First off, there were the performances. The first three nights featured an array of tellers from Australia, France, Scotland, Singapore, Spain, and even as far away as the United States, showing the true diversity of storytelling. I don’t usually get exposed to such marathons of storytelling, and it was a pleasure to experience the variety: pathos, tragedy, comedy, ballads, rhyme, freneticism & absolute calm. There were bits of style that I recognized as somewhat similar to my own, and certainly many other styles that were quite divergent. To take them all in & consider them, I feel, was a growing experience.
The fourth evening of performance was a departure from the first three; it was a storytelling performance of The Ramayana, the Indian epic tale. One story, two hours, six storytellers—it was truly epic! A high point of the entire SISF for me, it showed how a variety of people with very different styles can collaborate on a single project & make it a huge, unified success.
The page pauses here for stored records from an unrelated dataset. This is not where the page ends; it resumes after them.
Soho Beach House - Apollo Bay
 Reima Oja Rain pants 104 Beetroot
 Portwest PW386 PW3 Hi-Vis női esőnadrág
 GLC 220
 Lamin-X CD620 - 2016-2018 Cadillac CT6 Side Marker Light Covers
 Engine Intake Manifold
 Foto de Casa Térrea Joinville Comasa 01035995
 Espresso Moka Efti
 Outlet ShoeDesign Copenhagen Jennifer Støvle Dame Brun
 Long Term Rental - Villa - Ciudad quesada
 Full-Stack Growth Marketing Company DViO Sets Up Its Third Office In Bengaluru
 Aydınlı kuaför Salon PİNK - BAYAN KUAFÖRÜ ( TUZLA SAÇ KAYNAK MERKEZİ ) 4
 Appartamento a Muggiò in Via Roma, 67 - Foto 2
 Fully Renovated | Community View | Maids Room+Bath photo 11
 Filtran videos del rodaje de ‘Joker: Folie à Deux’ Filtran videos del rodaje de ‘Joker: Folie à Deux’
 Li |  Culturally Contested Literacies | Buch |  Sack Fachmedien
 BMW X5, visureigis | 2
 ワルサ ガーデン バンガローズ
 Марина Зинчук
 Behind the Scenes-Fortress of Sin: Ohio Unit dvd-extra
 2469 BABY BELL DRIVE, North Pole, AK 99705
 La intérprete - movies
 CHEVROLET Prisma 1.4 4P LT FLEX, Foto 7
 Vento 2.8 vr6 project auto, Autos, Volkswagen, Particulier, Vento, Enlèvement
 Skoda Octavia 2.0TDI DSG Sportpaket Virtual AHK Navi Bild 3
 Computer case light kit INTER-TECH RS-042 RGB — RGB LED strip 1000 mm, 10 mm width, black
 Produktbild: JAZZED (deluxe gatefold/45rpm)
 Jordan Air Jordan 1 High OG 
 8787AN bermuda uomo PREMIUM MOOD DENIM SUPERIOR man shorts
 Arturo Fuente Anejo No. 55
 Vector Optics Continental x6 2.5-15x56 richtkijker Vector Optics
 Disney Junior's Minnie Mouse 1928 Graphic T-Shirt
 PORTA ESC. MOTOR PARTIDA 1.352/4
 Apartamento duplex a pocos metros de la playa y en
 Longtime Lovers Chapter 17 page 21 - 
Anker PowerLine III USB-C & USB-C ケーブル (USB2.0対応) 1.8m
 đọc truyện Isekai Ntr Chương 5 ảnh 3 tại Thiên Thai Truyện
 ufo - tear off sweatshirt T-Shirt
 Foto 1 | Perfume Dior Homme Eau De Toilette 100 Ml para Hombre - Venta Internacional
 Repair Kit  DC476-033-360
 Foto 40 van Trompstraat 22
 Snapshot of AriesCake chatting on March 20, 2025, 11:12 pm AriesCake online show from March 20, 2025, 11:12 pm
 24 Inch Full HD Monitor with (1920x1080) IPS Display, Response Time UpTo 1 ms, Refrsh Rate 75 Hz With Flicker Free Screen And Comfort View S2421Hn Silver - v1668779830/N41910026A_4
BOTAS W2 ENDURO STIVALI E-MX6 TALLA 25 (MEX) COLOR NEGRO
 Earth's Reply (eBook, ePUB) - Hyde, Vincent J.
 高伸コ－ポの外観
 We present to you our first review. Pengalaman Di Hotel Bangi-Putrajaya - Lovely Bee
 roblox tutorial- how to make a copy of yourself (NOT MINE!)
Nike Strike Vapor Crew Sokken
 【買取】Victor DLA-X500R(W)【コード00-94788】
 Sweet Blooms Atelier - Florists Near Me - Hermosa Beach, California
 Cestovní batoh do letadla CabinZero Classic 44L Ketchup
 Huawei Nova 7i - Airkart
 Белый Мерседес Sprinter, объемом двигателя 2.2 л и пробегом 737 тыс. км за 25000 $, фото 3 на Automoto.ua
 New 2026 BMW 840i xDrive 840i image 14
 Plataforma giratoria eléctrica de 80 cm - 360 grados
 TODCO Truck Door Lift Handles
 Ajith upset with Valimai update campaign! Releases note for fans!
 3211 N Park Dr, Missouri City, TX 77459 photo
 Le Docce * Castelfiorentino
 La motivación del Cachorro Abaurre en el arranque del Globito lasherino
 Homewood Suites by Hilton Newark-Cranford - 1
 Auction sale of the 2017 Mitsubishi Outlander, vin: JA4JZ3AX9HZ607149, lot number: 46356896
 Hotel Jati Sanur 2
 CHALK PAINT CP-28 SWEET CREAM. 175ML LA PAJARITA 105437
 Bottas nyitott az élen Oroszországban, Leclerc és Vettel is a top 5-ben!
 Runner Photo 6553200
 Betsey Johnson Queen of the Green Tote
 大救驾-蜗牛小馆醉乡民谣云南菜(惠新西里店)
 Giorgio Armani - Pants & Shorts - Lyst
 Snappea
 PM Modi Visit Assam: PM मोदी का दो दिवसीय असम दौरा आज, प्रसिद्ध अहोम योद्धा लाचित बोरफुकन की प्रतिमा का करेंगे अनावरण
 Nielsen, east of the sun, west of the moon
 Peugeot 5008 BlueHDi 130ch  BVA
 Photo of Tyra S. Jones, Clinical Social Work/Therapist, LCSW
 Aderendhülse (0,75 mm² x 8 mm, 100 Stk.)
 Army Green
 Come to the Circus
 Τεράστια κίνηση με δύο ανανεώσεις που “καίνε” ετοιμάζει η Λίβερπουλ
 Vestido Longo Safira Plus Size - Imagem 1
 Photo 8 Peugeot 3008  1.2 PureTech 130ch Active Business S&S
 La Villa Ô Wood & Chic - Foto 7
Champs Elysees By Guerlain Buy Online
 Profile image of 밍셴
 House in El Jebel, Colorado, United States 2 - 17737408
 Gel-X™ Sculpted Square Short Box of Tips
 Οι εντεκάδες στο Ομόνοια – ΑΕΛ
Some of the tellers were more of the “narrator” variety; others leaned toward big movements and character voices. The tale was customized & cast in such a way that the whole thing really came together—and I wish that I could sit through it again! Very inspiring.
The day sessions—the Asian Congress of Storytellers—cleaved quite close to what is familiar to me from attending conferences here in the U.S. pertaining to reading and early childhood education. The mornings started off with keynote events, after which we as attendees could choose from a menu of topics for the two remaining sessions each day. I attended seminars on the following: helping struggling readers; storytelling for babies & toddlers; improvised stories; and character education through storytelling. As with most professional development events, I found much of the value across the board to be in refreshing previously-held knowledge, benefitting from outsiders’ perspectives on common practice, and gleaning a few bits of fresh research. There were many interactive exercises throughout the sessions, and I was interested & amused to observe that this group of teachers, storytellers, parents & volunteers—primarily from Singapore & Malaysia—was throwing themselves into the experience much more than attendees of similar gatherings I’ve attended back home!
From the breakout sessions mentioned above, and from the Festival & Congress as a whole, I gleaned so much, from information I can practice right away in my own storytelling & storytimes, to little bits over which I can slowly ponder as how I might incorporate them in my own fashion. A huge lesson I got, from exposure to these people from around the world, is that our situations are so much more alike than anyone might have us believe. The values of reading, and the oral tradition of storytelling, are recognized by researchers & professionals for their unique & substantial individual benefits, but getting that information out to the world is & has been a constant challenge. The encouraging news is that there is a large & growing global community of storytellers at every level, each sharing their passion in their own way. I feel very lucky to have been able to make this trip, and get a peek at this global view. I certainly hope to continue on this path!